Il s’ensuit que le domaine de l’étude d’impact a été élargi par suite de l’application de la directive européenne.
2. Zone NATURA 2000 et appréciation de l’impact d’un projet
Le réseau NATURA 2000 doit-être créé en application de la directive Habitats (directive modifiée 92/43/CEE concernant la conservation des habitats naturels ainsi que de la faune et de la flore sauvages du 21 mai 1992).
La France a été condamnée en 2000 pour ne pas avoir pris les mesures nécessaires à l’application de la directive sur la conservation des habitats naturels. Elle a donc du rattraper son retard.
La transposition de la directive a été assurée en droit interne par les articles L. 414-1 et suivants du code de l’environnement.
NATURA 2000 réunit des zones de protection spéciale (ZPS) prévues par la directive Oiseaux (directive 2009/147/CE du 30 nov. 2009 remplaçant la directive CEE/79/409 du 2 avr. 1979) et des zones spéciales de conservation (ZSC) de la directive Habitats.
La directive prévoit des obligations de faire et de ne pas faire ainsi que des « mesures de sauvegarde» (article 6 de la directive Habitats) applicables aux sites dès lors qu’un plan ou projet non directement lié ou nécessaire à la gestion du site est « susceptible d’affecter ce site de manière significative ».
Une évaluation des incidences doit alors être effectuée.
3. Transposition des dispositions protectrices à la création d’une ZAC en zone NATURA 2000
Le Conseil d’Etat avait déjà eu l’occasion de se prononcer sur la création d’une ZAC en zone NATURA 2000.
Il avait considéré que la seule prise en compte de la faible superficie des surfaces d’un site Natura 2000 affectée par un projet de ZAC « ne permettait pas de conclure à l’absence d’effets significatifs du projet sur le site ».
Il a jugé que cette évaluation devait prendre en compte les mesures de nature à supprimer ou réduire les effets dommageables du projet sur le site, à l’exception d’éventuelles mesures compensatoires (Arrêt rendu par Conseil d’Etat, 13-12-201, n° 349541).
Il est important de rappeler que selon la haute juridiction a tenu à préciser au sujet de l’étude d’impact que,
« une telle évaluation ne saurait se fonder sur le seul rapport entre la superficie d’habitats naturels affectée et la superficie du site lui-même ; que, dès lors, en se fondant sur le caractère très limité des espaces affectés par le projet par rapport à la superficie totale du site d’intérêt communautaire pour apprécier si la réalisation de la zone d'aménagement concerté était de nature à porter atteinte à l'état de conservation du site concerné, la cour a méconnu les dispositions de l'article L. 414-4 du code de l'environnement".
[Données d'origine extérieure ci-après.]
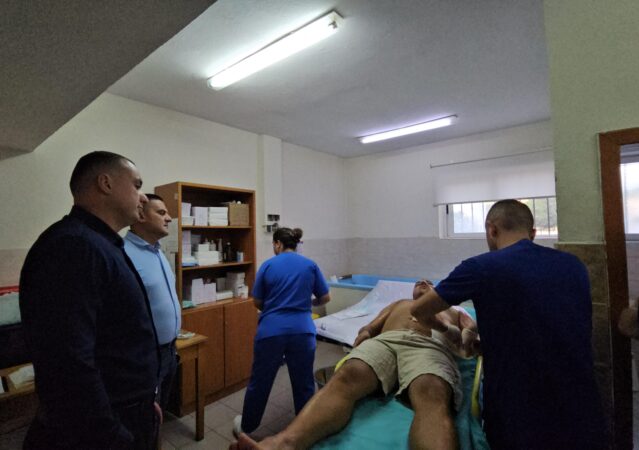 Shefi i komisariatit të Delvinës u dogj nga flakët, vizitohet në spital nga Drejtori i Policisë Ilir Proda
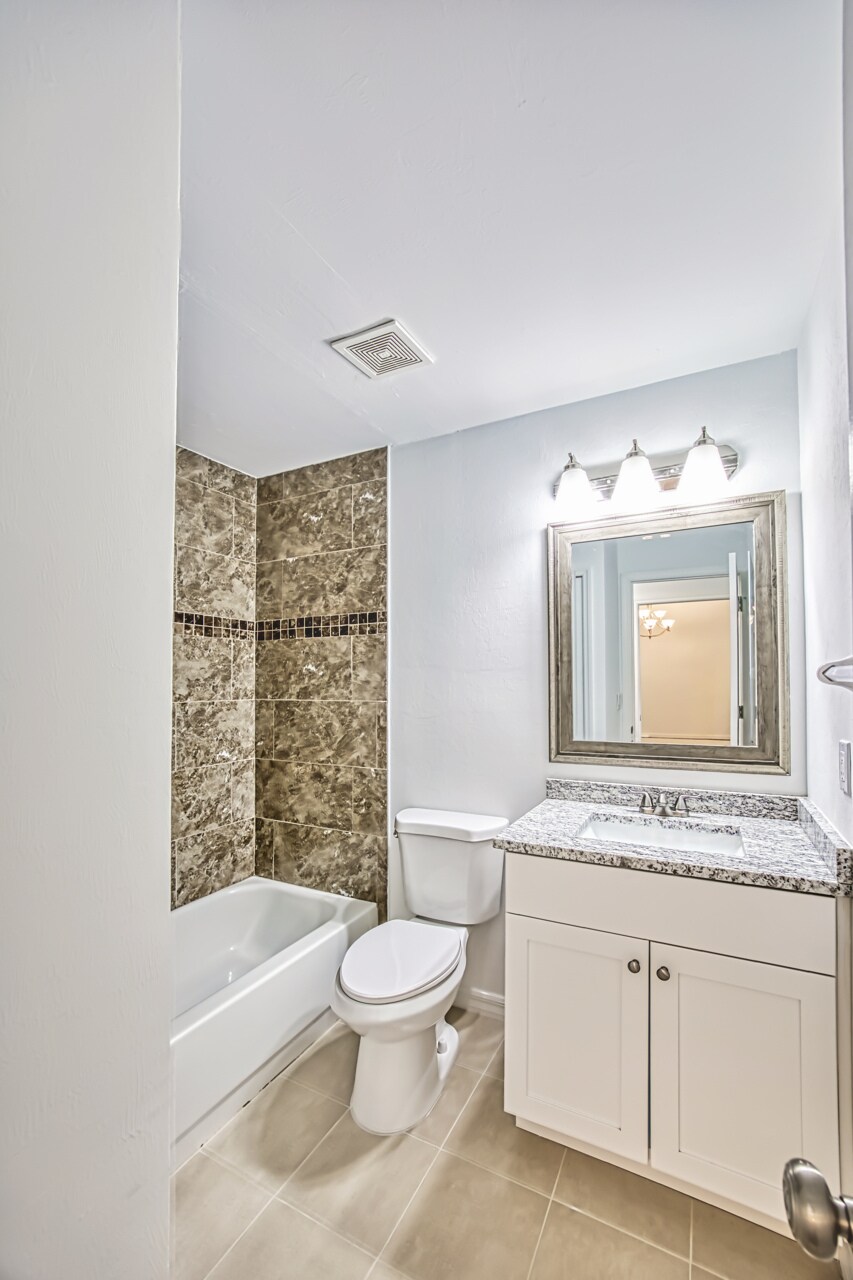 Building Photo - 16840 Sanibel Sunset Ct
En conclusion, compte tenu de ces précédents jurisprudentiels il était prévisible que le projet de transfert d’un MIN en zone NATURA 2000 sans réelle étude d’impact soit considérée comme illégale. On ne saurait donc être trop vigilant sur le « ficelage » de cette opération d’ampleur lorsqu’elles ont un impact sur la protection de l’environnement.